London Coffee Festival – A Reflection

 
Art & Culture

Not a drop of coffee until we arrive at the festival. That was the deal. Little did I know that I wouldn’t want another drop once I left the festival. Ever.

OK, the last bit is a bit of an exaggeration but once you get a taste of the best there is, you won’t want to go back to subordinate substances. Only the best will do. (So now I haven’t had coffee since. Only instant and that doesn’t count because everybody knows how bad it is.)

So you look beyond measuring every aspect of your ‘coffee construction’, slurping the sauce to unearth hidden flavours, and you target the very heart and soul of coffee – the coffee bean. 

I arrived looking for a £15 Hario pourover dripper. I left dreaming of a £15k roaster. I don’t want to settle for the finished product anymore. I want to source the origin. I want to produce the bean.

Coffee has been a part of my life for as long as I can remember. I remember my parents’ old coffee machine, quietly sputtering and groaning with the growing day. The smell of coffee drifted through the house. I loved it. 

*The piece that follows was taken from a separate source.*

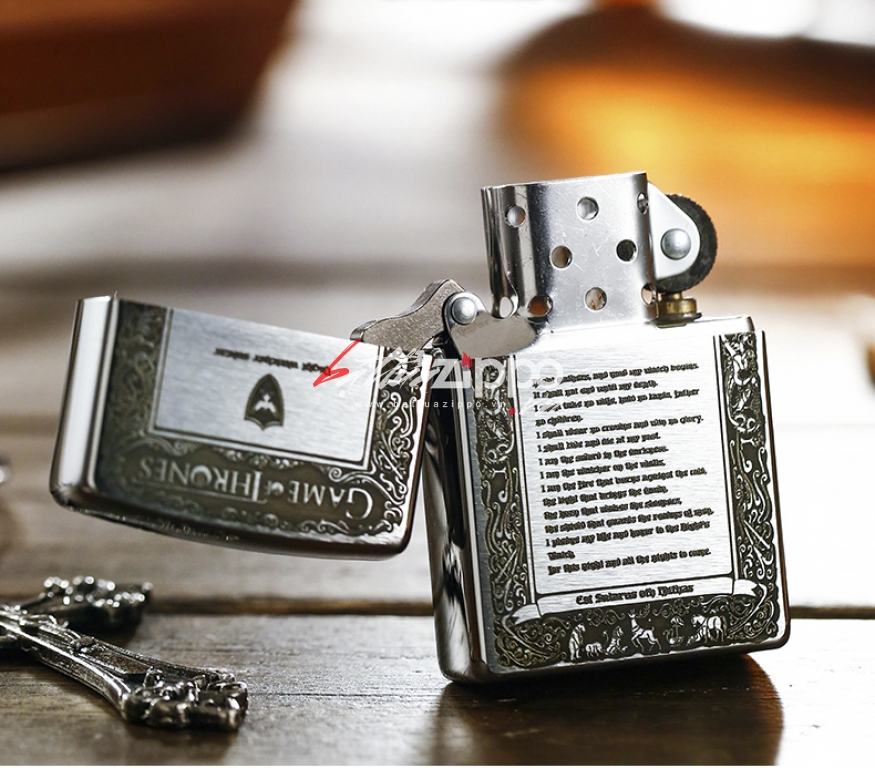 Bật lửa Zippo chính hãng màu bạc phiên bản Game of Thornes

I grew up with people consuming it and then moved to where people grew it. The German efficiency fuelled by caffeine. The Panamanian coffee industry fuelled by poverty. Just the way things go, I suppose. 

Now I want to find a way to merge the two and I have the London Coffee Festival to thank (to blame? – Ed). Union Roasted gave a fascinating presentation on how to roast, Square Mile Coffee showed you how distinct three different filter coffees can taste, Wakefield let me sip, spill and spit coffee while trying to teach me the essential skill that is cupping. Caravan Coffee Roasters made a flat white so good I haven’t had one since for fear of being disappointed. 

There was so much stuff I would have liked to buy. The Rocket Espresso coffee machine, the Rancilio Silvia, the Eureka Mignon … If I were a rich man I’d be poor by now. 

The Coffee Masters isn’t even worth talking about. Where do these aliens come from? How can they do what they do? (Note to self: If I don’t become a roaster I’ll have to settle for becoming a barista.)

The festival was amazing. It has something for everyone and then a bit more. You arrive hoping you’ll taste the best coffee ever (you will) and you leave dreaming of roasting the finest coffee ever (you probably won’t). Go along next year and see for yourself. I’ll be there, drinking a flat white.